:: EXERCISE GOAL ::
Go through the listing below and repeat it exactly, dropping the pictures.

:: DATASET CONTENT ::

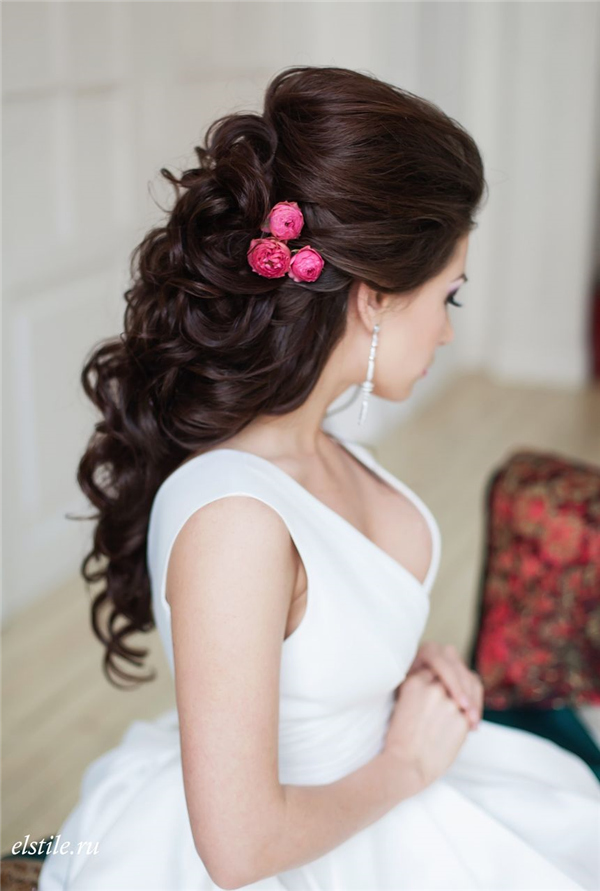 black half down half up bridal hairstyle with pink flowers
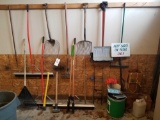 Squeegee, fork, sign stakes, sledge, axe, assorted yard tools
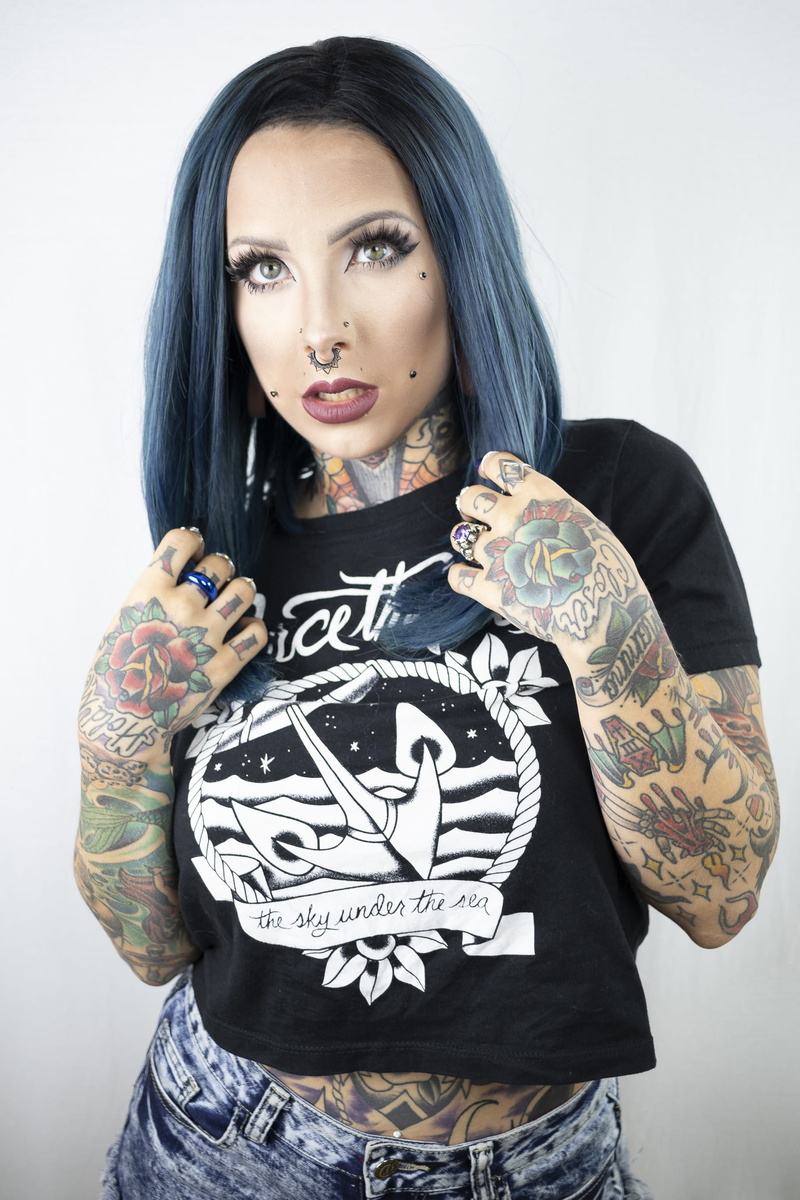 beautiful, tattoos, hairstyle, female, casual clothing, waist up, shirt, wearing, fashion, nose ring, model, looking at camera, blue, style, photoshoot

:: OUTPUT OF THE TASK ::
 black half down half up bridal hairstyle with pink flowers
 Squeegee, fork, sign stakes, sledge, axe, assorted yard tools
 beautiful, tattoos, hairstyle, female, casual clothing, waist up, shirt, wearing, fashion, nose ring, model, looking at camera, blue, style, photoshoot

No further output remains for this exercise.